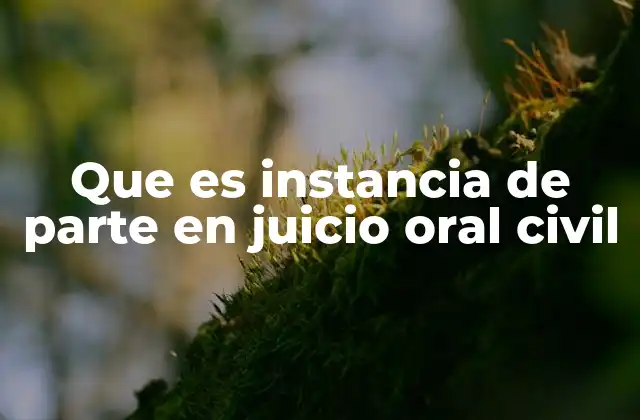 Que es Instancia de Parte en Juicio Oral Civil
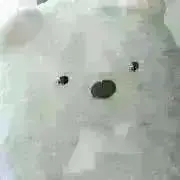 むー ☆の画像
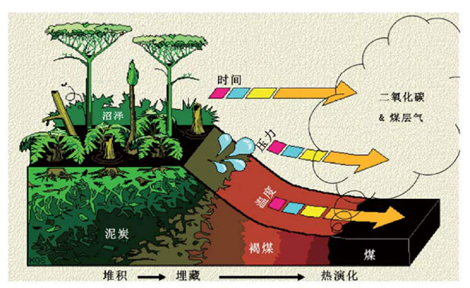 这种说法是有道理的,但煤炭种类及形成过程还有待进一步去探秘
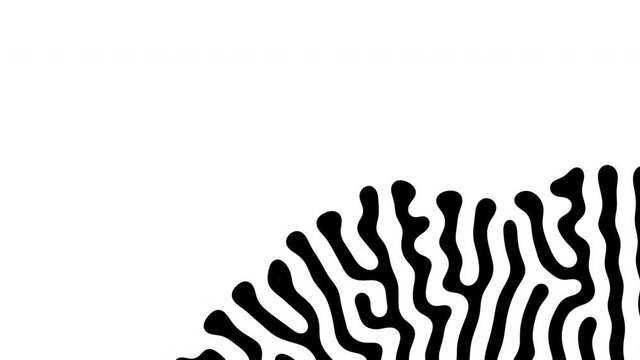 Reaction diffusion organic growing pattern. Turing system science background.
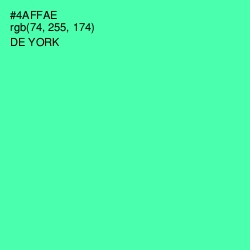 #4AFFAE - De York Color Image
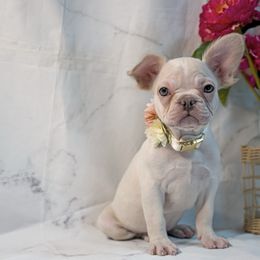 Snow White - White female French Bulldog puppy in Plano, Illinois from Velvet Fluffy Pups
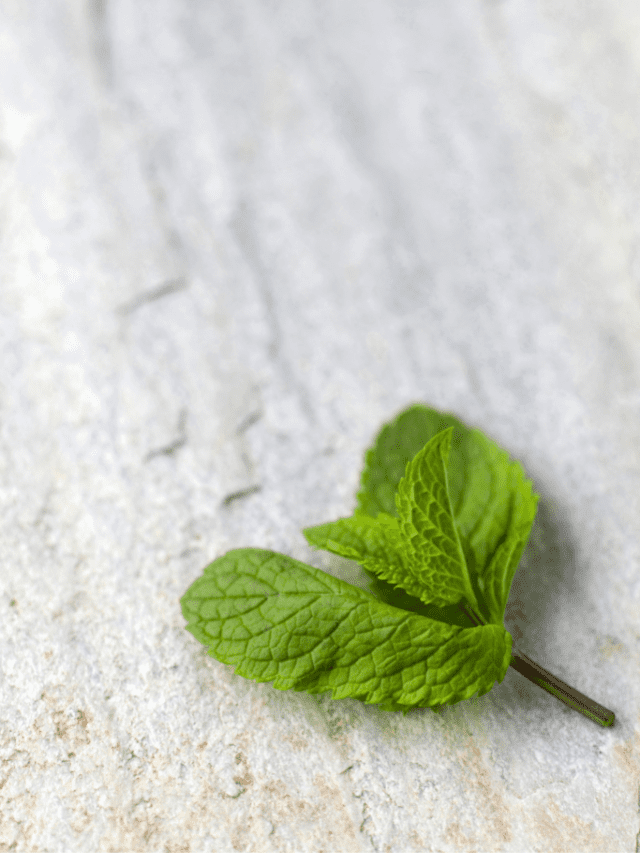 Do Andes Mints Contain Gluten?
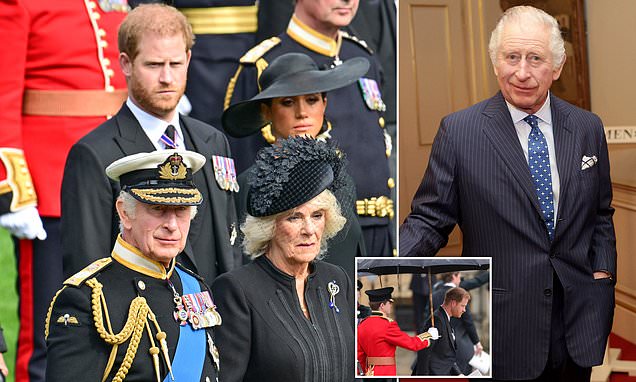 www.dailymail.co.uk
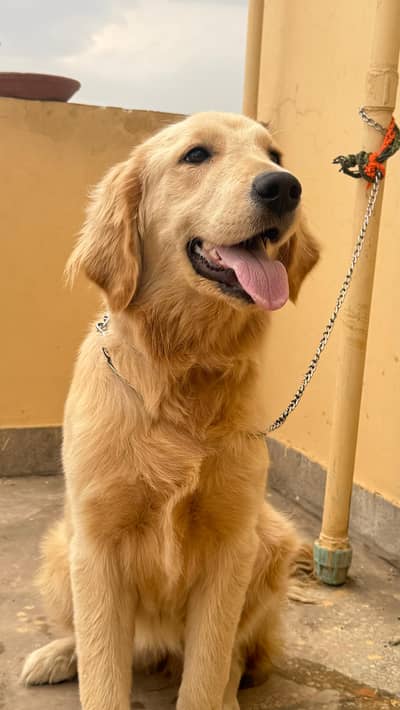Pedigree golden retriever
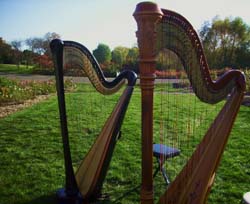 Twin Cities Wedding Harpist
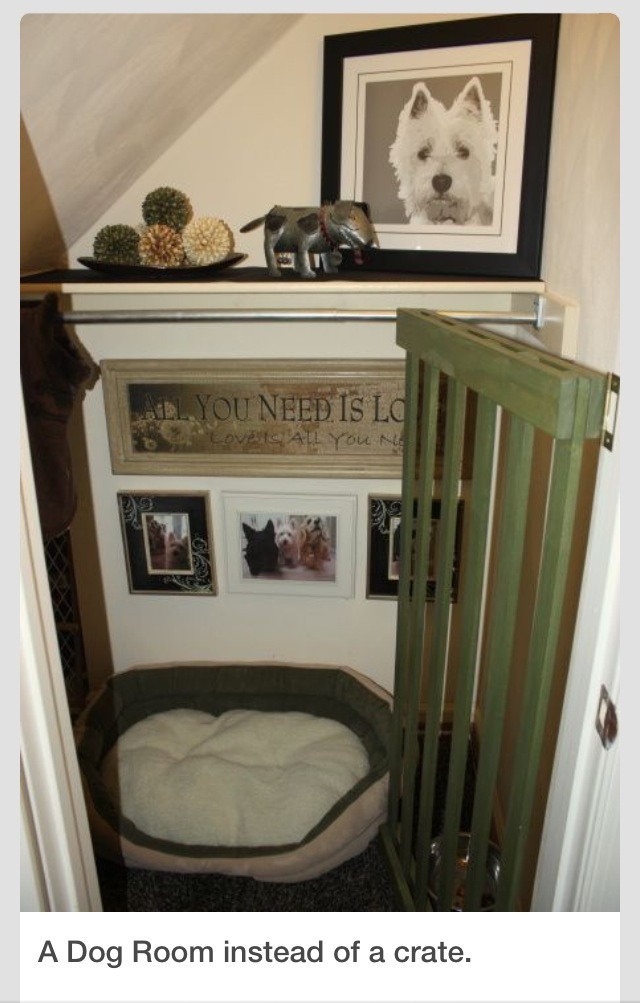 Turn A Closet Or Small Space Into A Dog Room Trusper
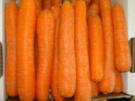 Honig-Sahne Möhrenstifte - Rezept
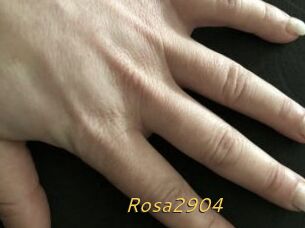 Rosa2904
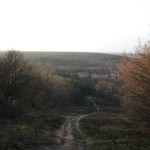 Blick vom Teufelsberg2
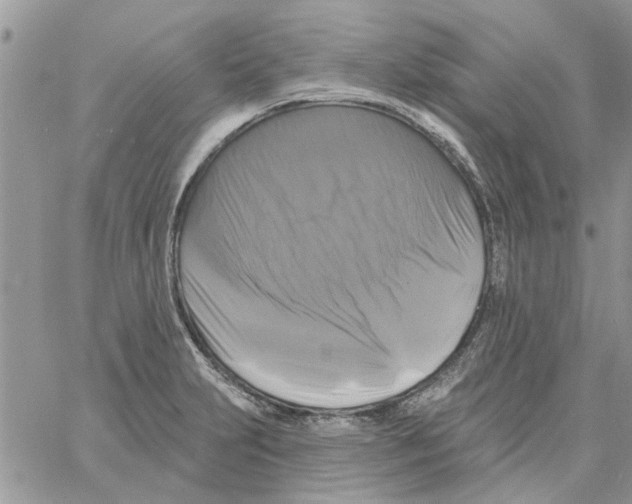 X0000061751231200512302229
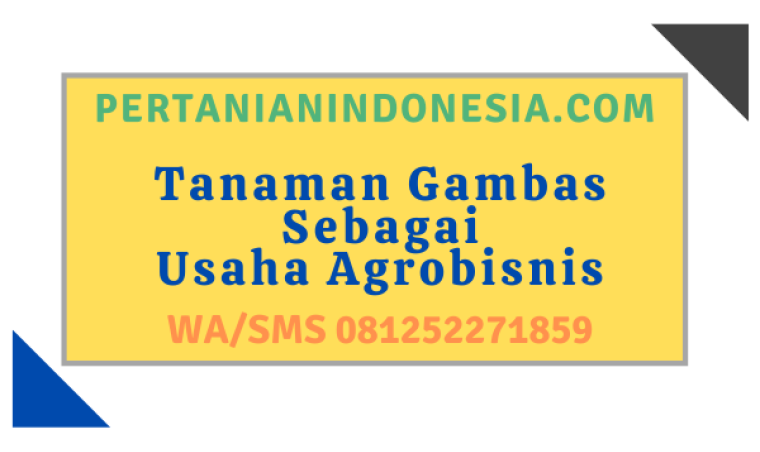 Tanaman Gambas Sebagai Usaha Agrobisnis
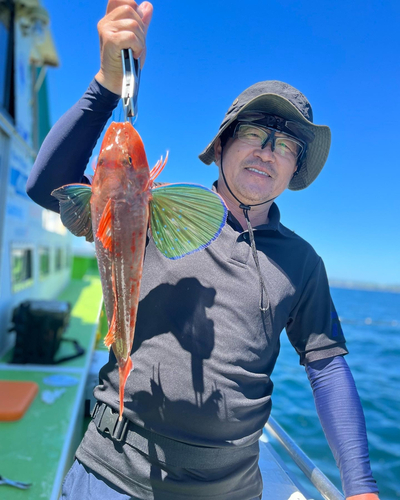 ホウボウの釣果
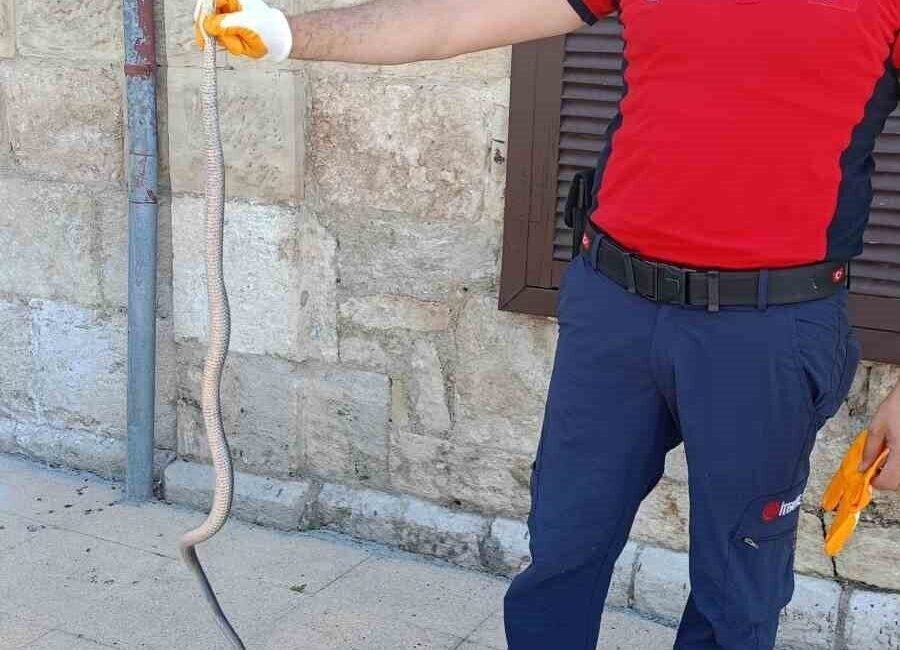 Mersin’in Tarsus ilçesi Şehitkerim Mahallesi’nde faaliyet gösteren özel bir hastanenin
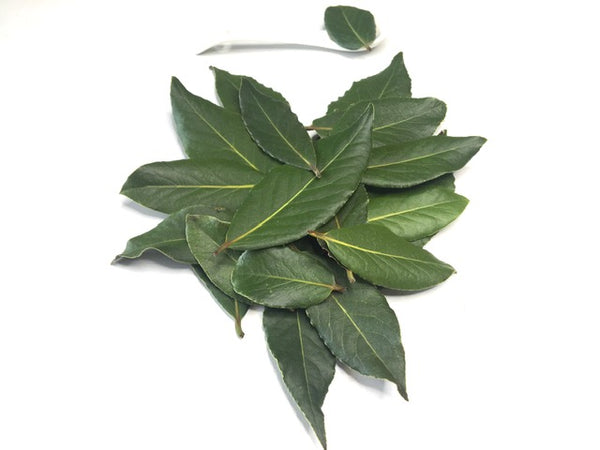 Bay Leaf, Organic Loose Leaf Tea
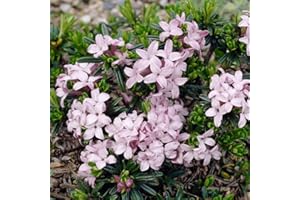 YouGarden Daphne 'Pink Fragrance', 25cm Tall Established Plant in 13cm Pot, Highly Fragrant, Long-Flowering, Great for Pots
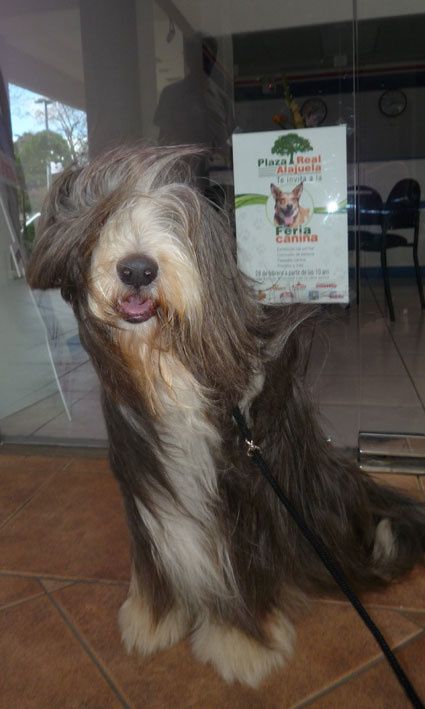 Album - Feria-Canina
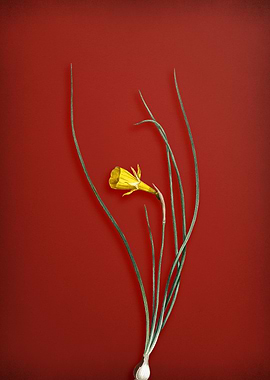 Daffodil on Red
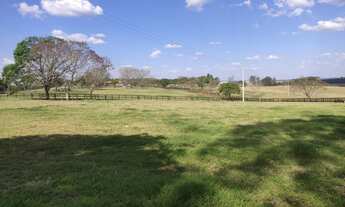 Imagem 7: Fazenda à venda em Itapetininga-SP: 3 quartos, 1 suíte, 3 salas, 2 banheiros, 3 vagas de g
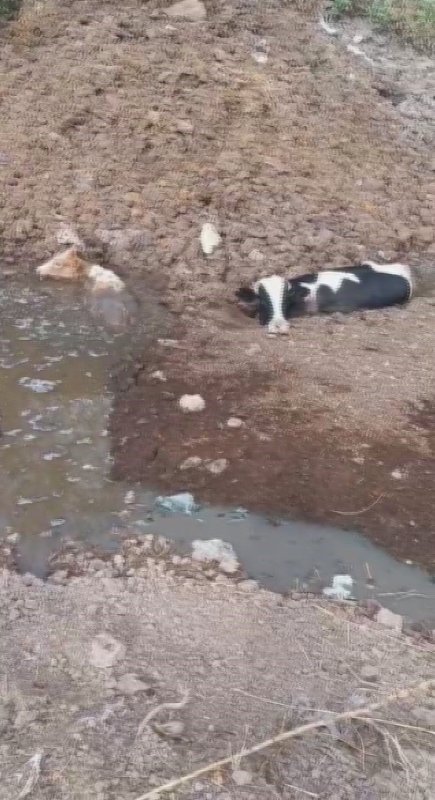 Balçığa saplanan 3 inek zorlu çalışmayla kurtarıldı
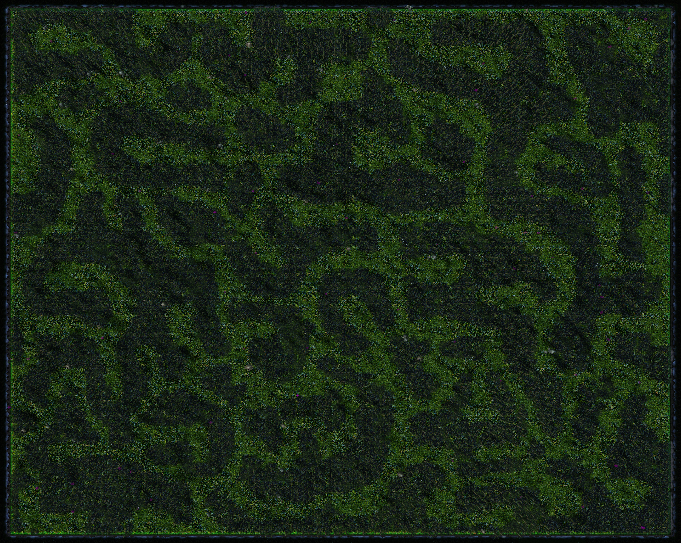 Entire Map Screenshot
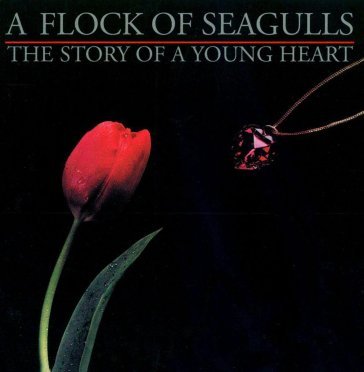 Story of a young heart A Flock Of Seagulls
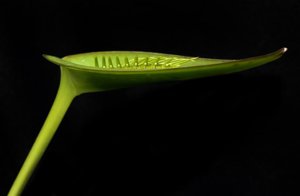 Acianthera pectinata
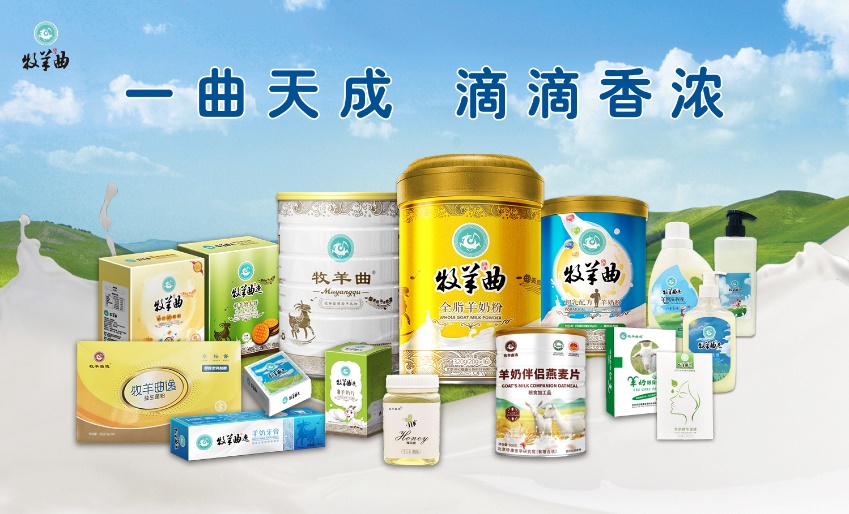1123产品组合图片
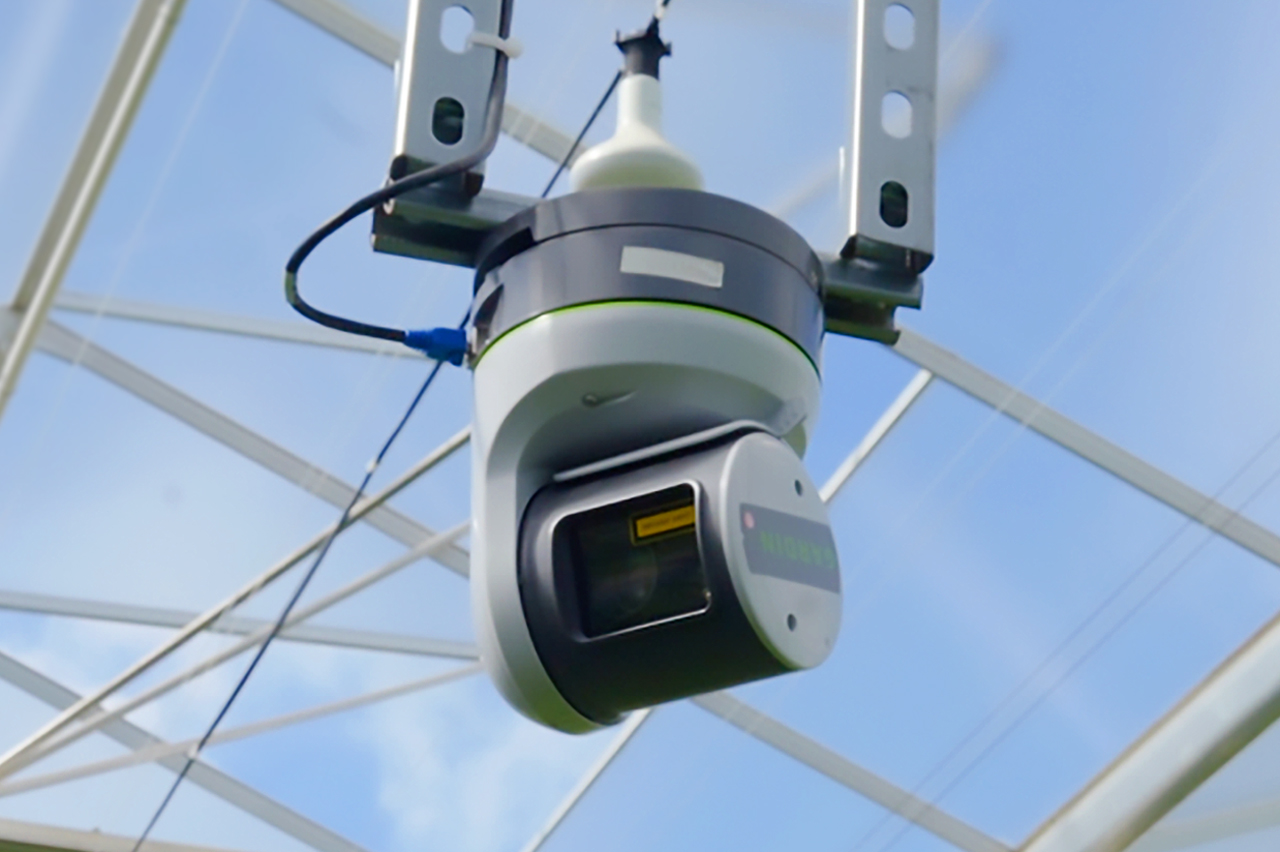 Smart Greenhouse Cameras in Strawberry growing greenhouse - Extraordinary Berries Co.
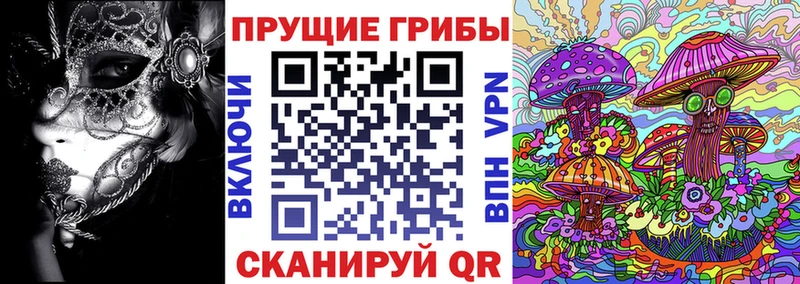 Псилоцибиновые грибы MAGIC MUSHROOMS  наркота  Сергач 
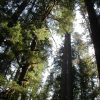 Climate change threatens global forest carbon sequestration, study finds
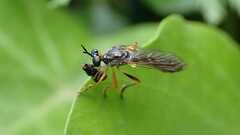 Dioctria hyalipennis
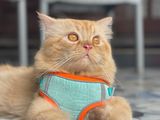 Pure Persian Ginger Male Cat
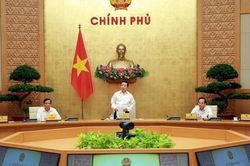 Quan tâm đến người cao tuổi cũng là khẳng định trách nhiệm với thế hệ mai sau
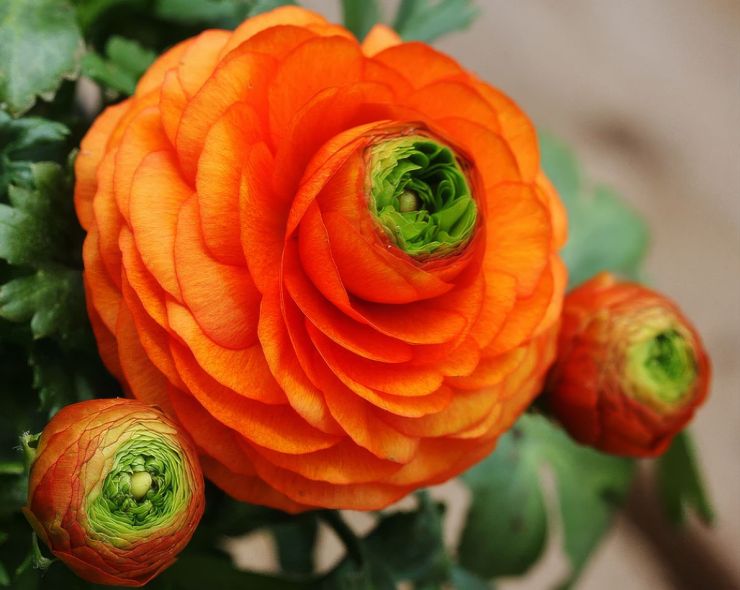 zobrazit detail snímku: Ranunculus Orange.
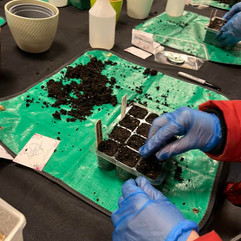 gloved hands planting seeds in a tray in Midtown Makers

*EXERCISE BRIEF*:
Repeat the data exactly, dropping every picture it holds.

*PROBLEM SOLUTION*:
 Que es Instancia de Parte en Juicio Oral Civil
 むー ☆の画像
 这种说法是有道理的,但煤炭种类及形成过程还有待进一步去探秘
 Reaction diffusion organic growing pattern. Turing system science background.
 #4AFFAE - De York Color Image
 Snow White - White female French Bulldog puppy in Plano, Illinois from Velvet Fluffy Pups
 Do Andes Mints Contain Gluten?
 www.dailymail.co.uk
Pedigree golden retriever
 Twin Cities Wedding Harpist
 Turn A Closet Or Small Space Into A Dog Room Trusper
 Honig-Sahne Möhrenstifte - Rezept
 Rosa2904
 Blick vom Teufelsberg2
 X0000061751231200512302229
 Tanaman Gambas Sebagai Usaha Agrobisnis
 ホウボウの釣果
 Mersin’in Tarsus ilçesi Şehitkerim Mahallesi’nde faaliyet gösteren özel bir hastanenin
 Bay Leaf, Organic Loose Leaf Tea
 YouGarden Daphne 'Pink Fragrance', 25cm Tall Established Plant in 13cm Pot, Highly Fragrant, Long-Flowering, Great for Pots
 Album - Feria-Canina
 Daffodil on Red
 Imagem 7: Fazenda à venda em Itapetininga-SP: 3 quartos, 1 suíte, 3 salas, 2 banheiros, 3 vagas de g
 Balçığa saplanan 3 inek zorlu çalışmayla kurtarıldı
 Entire Map Screenshot
 Story of a young heart A Flock Of Seagulls
 Acianthera pectinata
1123产品组合图片
 Smart Greenhouse Cameras in Strawberry growing greenhouse - Extraordinary Berries Co.
 Псилоцибиновые грибы MAGIC MUSHROOMS  наркота  Сергач 
 Climate change threatens global forest carbon sequestration, study finds
 Dioctria hyalipennis
 Pure Persian Ginger Male Cat
 Quan tâm đến người cao tuổi cũng là khẳng định trách nhiệm với thế hệ mai sau
 zobrazit detail snímku: Ranunculus Orange.
 gloved hands planting seeds in a tray in Midtown Makers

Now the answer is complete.